Based on this realization he designed the Kanban system. Little did he know that his simple invention would become part of a wider system of production that would eventually transform the world even more than Ford’s – Just-in-Time Manufacturing.

But we’re getting ahead of ourselves. How did Ohno’s Kanban system work?

Each container full of parts moving down the assembly line would be accompanied by a small card (kanban in Japanese) that specified how many parts belonged in the container. As the container was moved forward to the next station, its card would be sent backward, signaling the previous station to produce exactly as many parts as were currently being used…and no more.

The power of Kanban was in telling each worker when not to produce. Ohno had successfully translated Ford’s Principle #2 of Non-Production to his own context by changing the constraining mechanism from belts to cards.

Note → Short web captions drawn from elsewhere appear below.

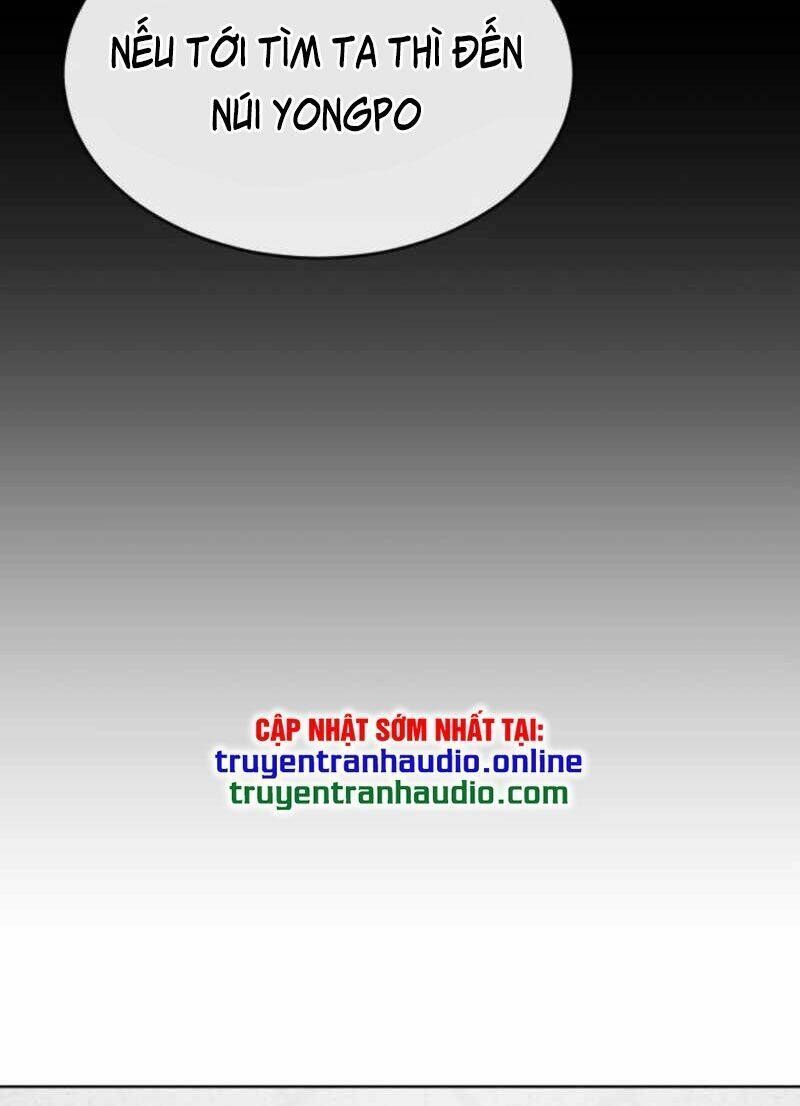 Kĩ Nguyên Của Anh Hùng Chapter 37.8 - Trang 2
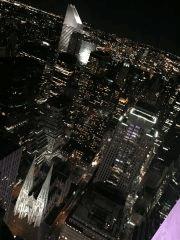 13 top of rock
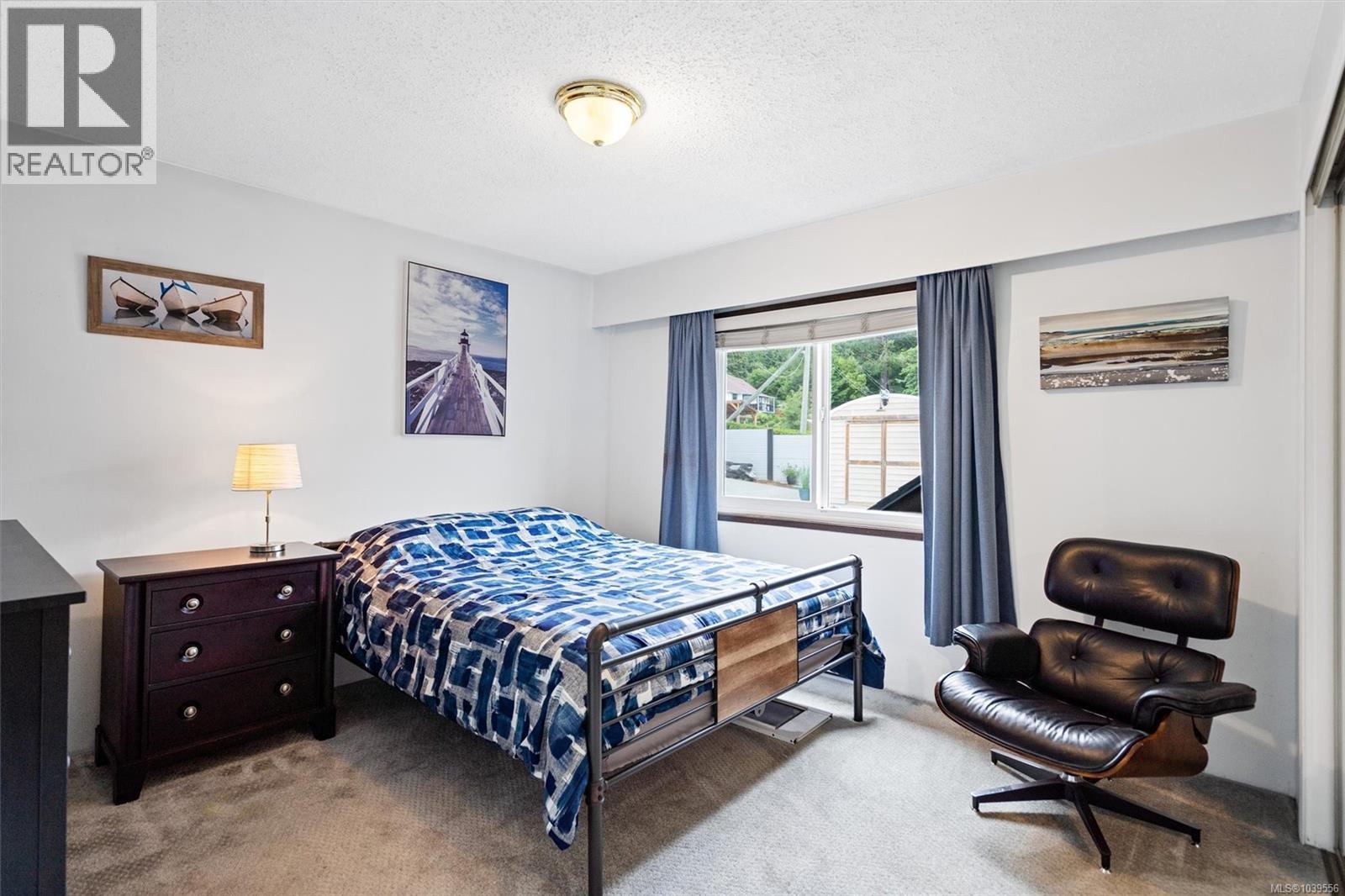 8500 Maple Ridge Rd, Youbou, British Columbia  V0R 3E1 - Photo 24 - 1039556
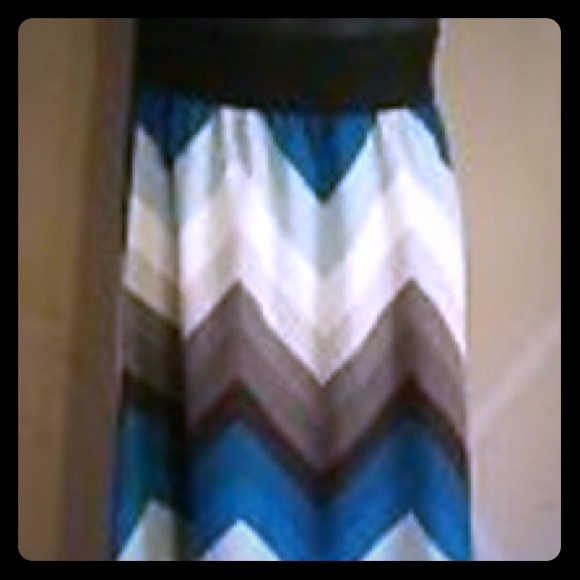 Lularoe Lola skirt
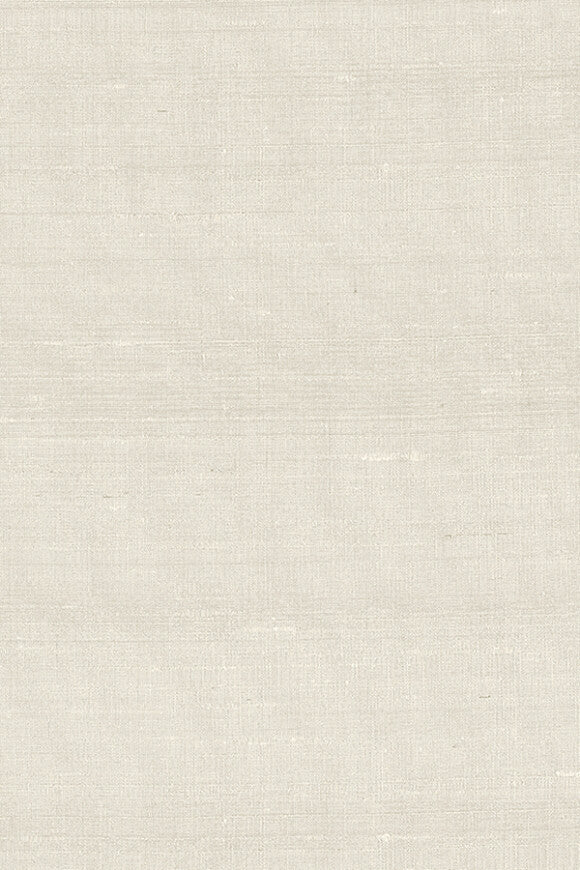 Arte LATUS – Neutral Mint – 50501A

Ohno had another challenge to overcome: how to focus the process of continuous improvement (Principle #4).

Ohno’s difficulty was that not being able to dedicate his equipment completely to one model of car made it almost impossible to find the problems that jeopardize flow. There were too many moving parts, too many changes to identify defects in production just by looking.

His brilliant solution was the “rocks and water” system.

He would gradually reduce the “batch size” (the number of parts being worked on at any given time), which was like slowly lowering the water level in a body of water. As long as flow was not interrupted, the operating parameters continued to be slowly tightened: the tolerances between parts were made smaller, the specifications made more exacting, and the required levels of quality more demanding.

Eventually, the “falling water level” would reveal “rocks” (obstacles to flow) lurking below. When one was revealed, special techniques were used to systematically pinpoint, diagnose, and permanently fix the root cause of the disturbance. The collection of techniques Ohno developed eventually came to be known as the Toyota Production System (or TPS), and was later broadened into a holistic philosophy called Just-In-Time manufacturing (or even more broadly, Lean manufacturing).

Another term for “tight operating parameters” is “high quality,” and the resulting improvement in the quality of the finished products this system produced soon astonished everyone who witnessed it. Ohno’s inventions, simply put, ushered in the modern world, making possible everything from cars to soap to TVs to pharmaceuticals to the precisely manufactured device you’re probably using at this very moment.